The cap 30 is, in use, secured to the valve body 12 by means of bayonet connection formations 32 provided on the exterior surface of the wall 30b of the cap 30. In this example, four such bayonet connector formations 32 are provided, and are spaced generally evenly around the wall 30b of the cap 30, the spaces between adjacent bayonet connector formations 32 occupying around half of the outer circumference of the wall 30b in total. The bayonet connector formations 32 each engage with a corresponding lip formation 34 which extends from the valve body 12 into the main passage. As such, in this example, four lip formations 34 are provided, and these are regularly spaced around the circumference of the interior surface of the valve body 12, occupying less than half of the circumference in total.
The valve assembly 10 may also be provided with one or more locking protrusions which extend diagonally upwardly to the main passage from the underside of the lip formations 34. In this case, for each locking protrusion, a corresponding recesses, large enough to accommodate the end of the locking protrusions, is provided in the centre of the bayonet connector formations 32 of the cap 30.
The cap 30 may thus be secured to the valve body 12 as follows. The cap 30 is orientated so that each of the bayonet connector formations 32 is aligned with one of the gaps between adjacent lip formations 34. The cap 30 is inserted into the main passage of the valve body 12 until the top part 30a is slightly below the first end 12a of the valve body 12, and is then rotated through around 45° until each of the bayonet connector formations 32 engages with one of the lip formations 34. Where locking protrusions are provided, each locking protrusion is then located in the corresponding recess provided in the bayonet connector formation 32. Engagement of the bayonet connector formations 32 with the lip formations 34 of the valve body 12 thus prevents withdrawal of the cap 30 from the valve body 12, with the location of the locking protrusion(s) in the recess(es) in the bayonet connector formations 32 ensuring that the cap 30 is correctly aligned relative to the valve body 12 to achieve maximum contact between the bayonet connector formations 32 and the lip formations 34, and to impede rotation of the cap 30 relative to the valve body out of that alignment.
To assist in achieving the rotation required to engage the bayonet connection formations 32 with the lip formations 34, the top part 30a of the cap 30 is provided with a plurality of apertures 36 into which a special tool, may be inserted. The cap 30 may thus be rotated by rotation of the tool. In this example, eight such apertures 36 are provided, and thus the tool is provided with eight corresponding pins. In order to assist a user in ascertaining when the cap 30 is correctly aligned relative to the valve body 12, the exterior surfaces of the lip formations 34 are provided with corresponding apertures 38 which, when the cap 30 is in the correct alignment, line up with the apertures 36 in the cap 30. Thus, when the cap 30 is correctly aligned relative to the valve body 12, the pins of the tool can slot into the apertures 38 in the lip formations 34. The user will feel this as a sudden movement of the tool in towards the valve body 12, and can therefore be reassured that the alignment of the cap 30 is correct and no further rotation is required.

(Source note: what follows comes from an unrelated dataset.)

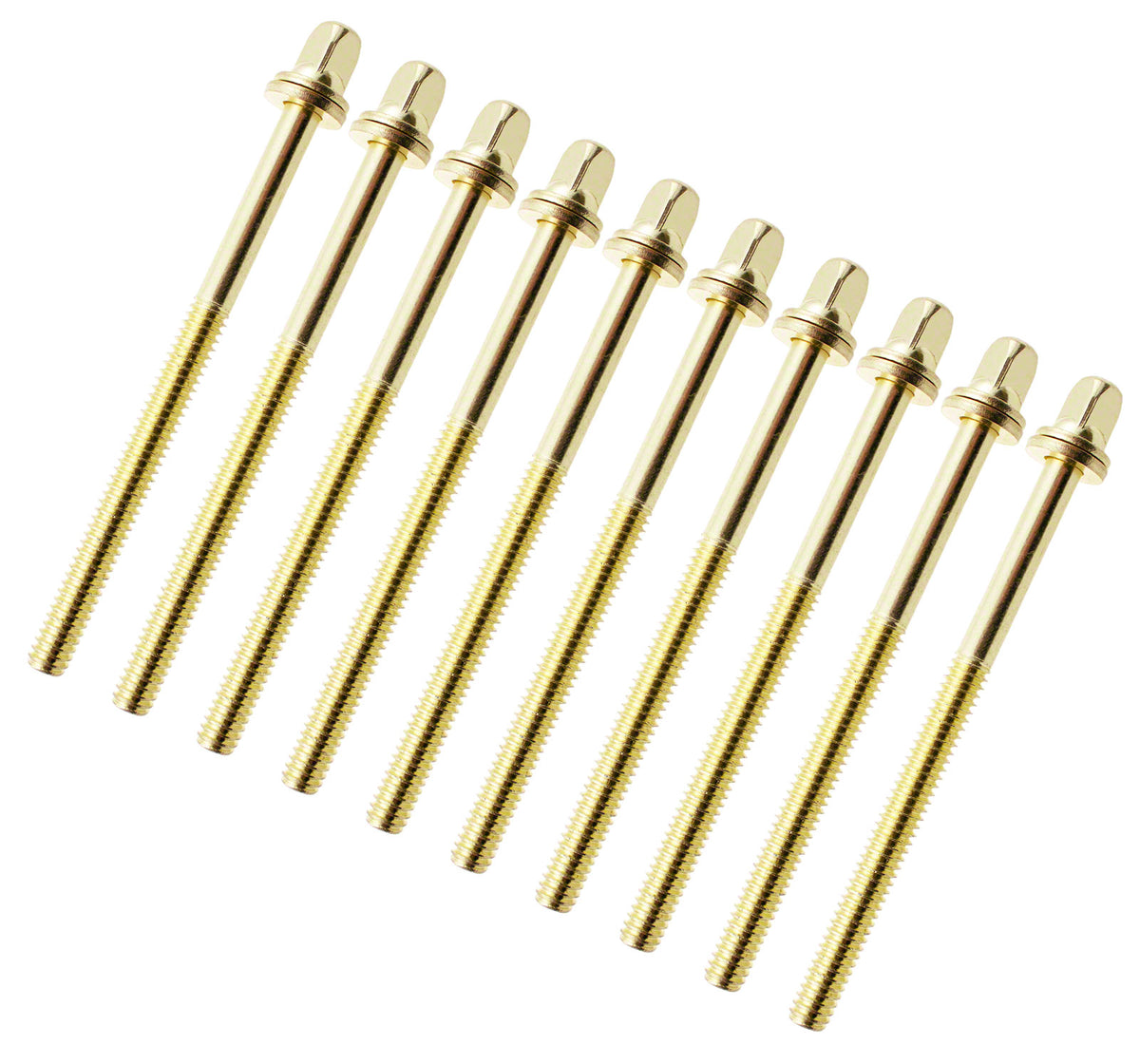 Spannschraube 75mm Gold Mit Unterlegscheibe - Gewinde 7/32" (X10)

Alternatively, one or more of the bayonet connector formations 32 may be provided with an anti rotation feature so that the cap 30 can only be rotated a certain amount (such as 45 degrees) before coming to a hard stop. This may comprise a stop formation which extends from the outer part 31a of the cap 30 between the bayonet connector formations 32 and the top 30a of the cap 32, and which is aligned with one end face of the bayonet connector formation 32. The anti rotation feature is therefore brought into engagement with an edge of one of the lip formations 34 when the cap 30 has been rotated by the amount required to bring the bayonet connector formation 32 into complete alignment with the lip formation 34, further rotation of the cap 30 therefore being prevented.
In this example, the mating surfaces of the bayonet connector formation 32 and the lip formations 34 are angled at around 45° to the longitudinal axis of the main passage in the valve body 12, the radially inward portions of the mating surfaces being closest to the first end 12a of the valve body 12.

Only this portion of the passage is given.